No matter the lifestyle you lead, sleepless nights are inevitable. Although you may not find it concerning, an extended period of sleep deprivation can have severely adverse consequences on your brain health and overall well-being.
Studies have shown that sleep deprivation can substantially intensify amygdala reactivity to negative emotional stimuli. The amygdala is a complex part of the limbic system that processes emotions such as fear and aggression. The amygdala also plays a vital role in decision-making. Amplified activity in the amygdala makes sleep-deprived individuals feel negative emotions more strongly while also intensifying an individual’s reactions. These individuals are more prone to irritability, anxiety, aggression, and even suicidal thoughts.
Sleep deprivation has also been linked to disrupting the dopaminergic system severely. Dopamine is associated with the brain’s reward center, and just one night of sleeplessness can have adverse consequences. Changes in dopamine receptors are associated with impulsiveness and severe inability in decision-making.
In addition, chronic sleep deprivation or insomnia is associated with depression. Several studies have shown that chronic insomnia and alterations in sleep patterns increase the likelihood of depression. Sleep deprivation can also make you overthink certain memory events of the past and can even alter your memory of negative experiences. The result is sometimes a modified yet empathically fueled recount of a previous experience that your brain considers accurate. However, the situation may not be as bad as you recall.
Nonetheless, if you are suffering from sleep deprivation, here are some tools to help improve sleep habits:
- Keep a notepad and pen next to your bed to write out worrisome thoughts.
- Repeat a sleep mantra such as “I give myself permission to rest, I can allow my body and mind to rest now,” instead of “I need to go to sleep” and fixating and worrying about why you can’t fall asleep.

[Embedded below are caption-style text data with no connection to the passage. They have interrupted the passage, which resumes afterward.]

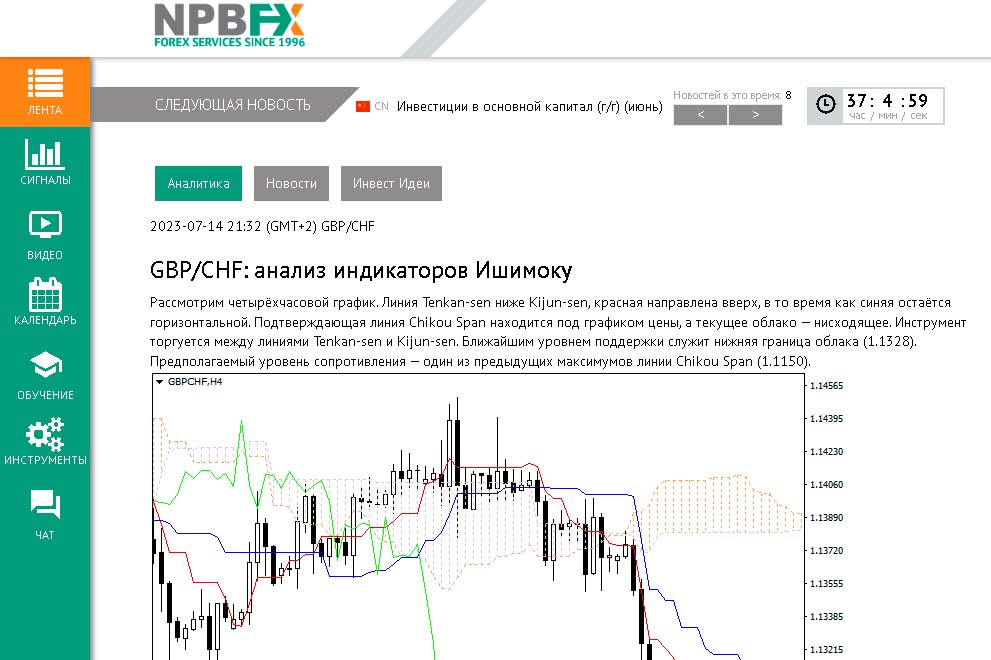 Официальный сайт брокерской компании NBPFX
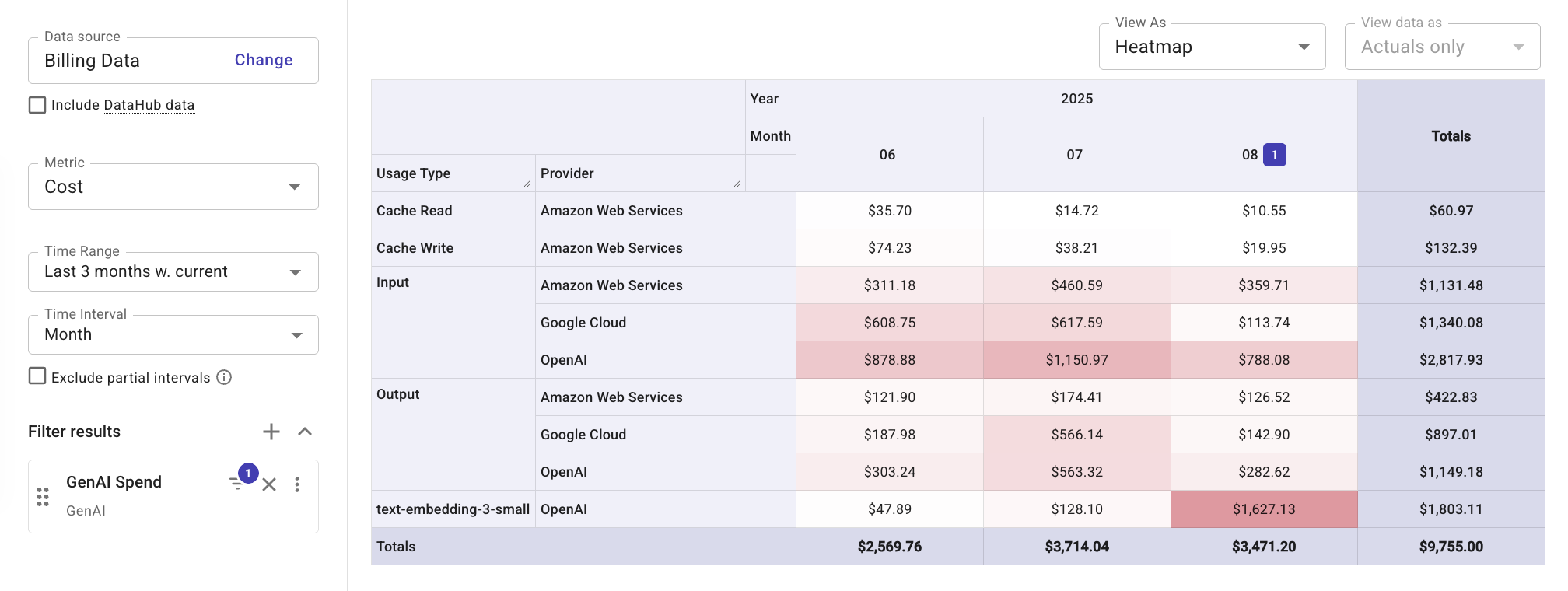 GenAI usage cost per usage type report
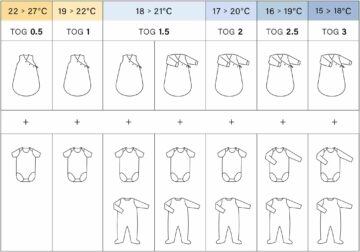 tabela de TOG's mediante a temperatura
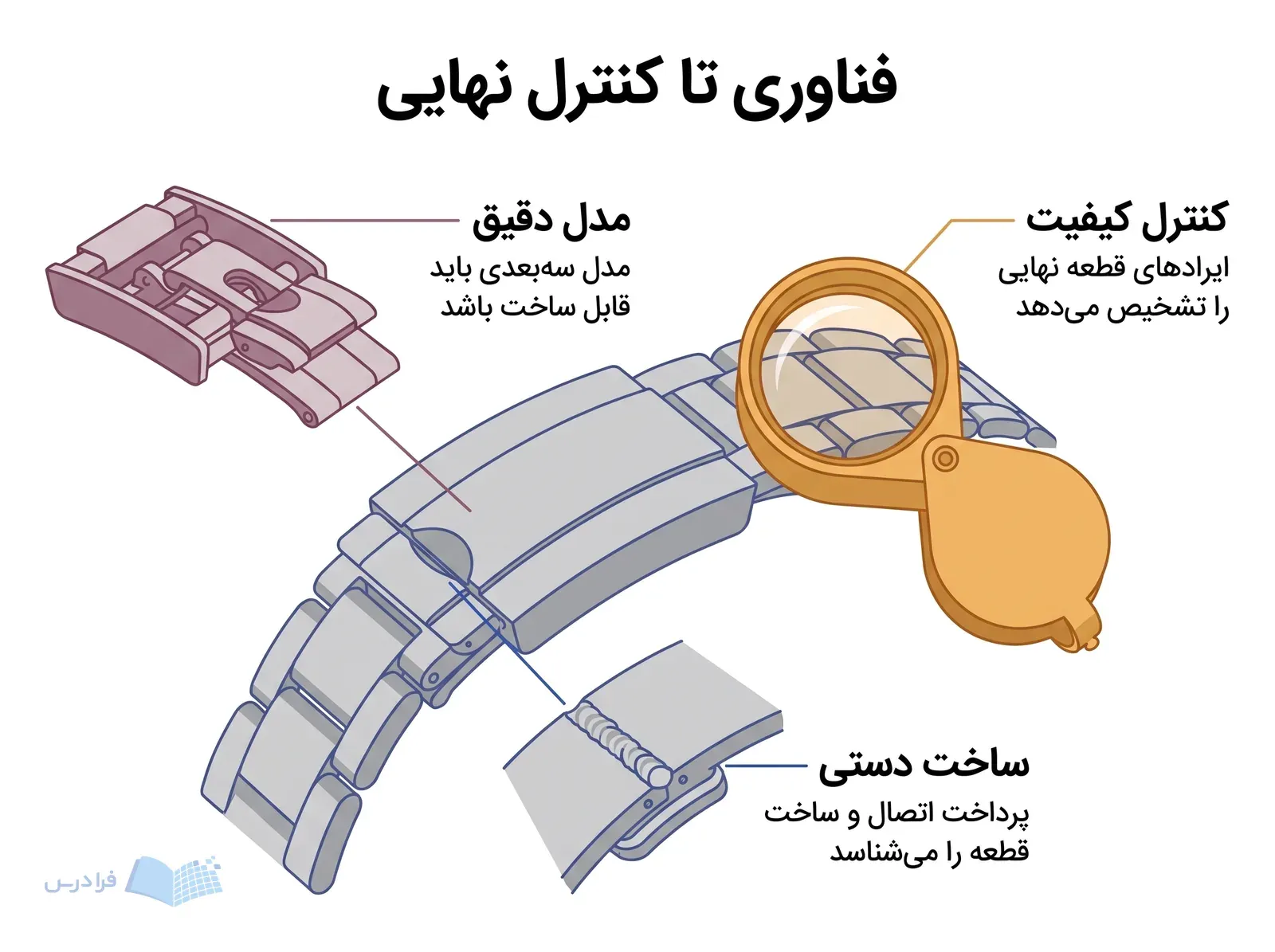 قفل دستبند نیمهساخته با مدل سهبعدی، محل اتصال و ذرهبین کنترل کیفیت.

- Practice a body scan relaxation or rhythmic breathing exercise, such as laying on your back, palms of your hands on your lower belly, inhale counting to 4 and exhale on 4, “inhale 2-3-4, exhale 2-3-4,” repeat quietly to yourself.
- Put on ambient music or a white noise machine to help calm the mind.
It’s important to also acknowledge that there are some points in life that we may find very troublesome and stressful, where sleep may be hard to come by. Remember and know that those times will pass and won’t last forever.